Int.bitwise applies the function f to pairs of bits in the same position in the binary representations of its inputs.

Equations

• Int.bitwise f (Int.ofNat m) (Int.ofNat n) = Int.natBitwise f m n
• Int.bitwise f (Int.ofNat m) (Int.negSucc n) = Int.natBitwise (fun (x y : Bool) => f x !y) m n
• Int.bitwise f (Int.negSucc m) (Int.ofNat n) = Int.natBitwise (fun (x y : Bool) => f (!x) y) m n
• Int.bitwise f (Int.negSucc m) (Int.negSucc n) = Int.natBitwise (fun (x y : Bool) => f (!x) !y) m n

def Int.lnot : ℤ → ℤ

lnot flips all the bits in the binary representation of its input

Equations

• (Int.ofNat n).lnot = Int.negSucc n
• (Int.negSucc n).lnot = ↑n

def Int.lor : ℤ → ℤ → ℤ

lor takes two integers and returns their bitwise or

Equations

• (Int.ofNat m).lor (Int.ofNat n) = ↑(m ||| n)
• (Int.ofNat m).lor (Int.negSucc n) = Int.negSucc (n.ldiff m)
• (Int.negSucc m).lor (Int.ofNat n) = Int.negSucc (m.ldiff n)
• (Int.negSucc m).lor (Int.negSucc n) = Int.negSucc (m &&& n)

def Int.land : ℤ → ℤ → ℤ

land takes two integers and returns their bitwise and

Equations

• (Int.ofNat m).land (Int.ofNat n) = ↑(m &&& n)
• (Int.ofNat m).land (Int.negSucc n) = ↑(m.ldiff n)
• (Int.negSucc m).land (Int.ofNat n) = ↑(n.ldiff m)
• (Int.negSucc m).land (Int.negSucc n) = Int.negSucc (m ||| n)

def Int.ldiff : ℤ → ℤ → ℤ

ldiff a b performs bitwise set difference. For each corresponding pair of bits taken as booleans, say aᵢ and bᵢ, it applies the boolean operation aᵢ ∧ bᵢ to obtain the iᵗʰ bit of the result.

Equations

• (Int.ofNat m).ldiff (Int.ofNat n) = ↑(m.ldiff n)
• (Int.ofNat m).ldiff (Int.negSucc n) = ↑(m &&& n)
• (Int.negSucc m).ldiff (Int.ofNat n) = Int.negSucc (m ||| n)
• (Int.negSucc m).ldiff (Int.negSucc n) = ↑(n.ldiff m)

def Int.xor : ℤ → ℤ → ℤ

xor computes the bitwise xor of two natural numbers

Equations

• (Int.ofNat m).xor (Int.ofNat n) = ↑(m ^^^ n)
• (Int.ofNat m).xor (Int.negSucc n) = Int.negSucc (m ^^^ n)
• (Int.negSucc m).xor (Int.ofNat n) = Int.negSucc (m ^^^ n)
• (Int.negSucc m).xor (Int.negSucc n) = ↑(m ^^^ n)

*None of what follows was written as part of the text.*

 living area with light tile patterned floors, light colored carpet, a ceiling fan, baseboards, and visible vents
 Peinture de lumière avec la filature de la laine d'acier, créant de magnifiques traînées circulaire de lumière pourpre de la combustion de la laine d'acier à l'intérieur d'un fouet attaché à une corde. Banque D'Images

instance Int.instShiftLeft_mathlib : ShiftLeft ℤ

m <<< n produces an integer whose binary representation is obtained by left-shifting the binary representation of m by n places

Equations

• One or more equations did not get rendered due to their size.

instance Int.instShiftRight_mathlib : ShiftRight ℤ

m >>> n produces an integer whose binary representation is obtained by right-shifting the binary representation of m by n places

Equations

• Int.instShiftRight_mathlib = { shiftRight := fun (m n : ℤ) => m <<< (-n) }

bitwise ops

@[simp]

theorem Int.bodd_zero : bodd 0 = false

@[simp]

theorem Int.bodd_one : bodd 1 = true

theorem Int.bodd_two : bodd 2 = false

@[simp]

theorem Int.bodd_coe (n : ℕ) : (↑n).bodd = n.bodd

@[simp]

theorem Int.bodd_subNatNat (m n : ℕ) : (subNatNat m n).bodd = (m.bodd ^^ n.bodd)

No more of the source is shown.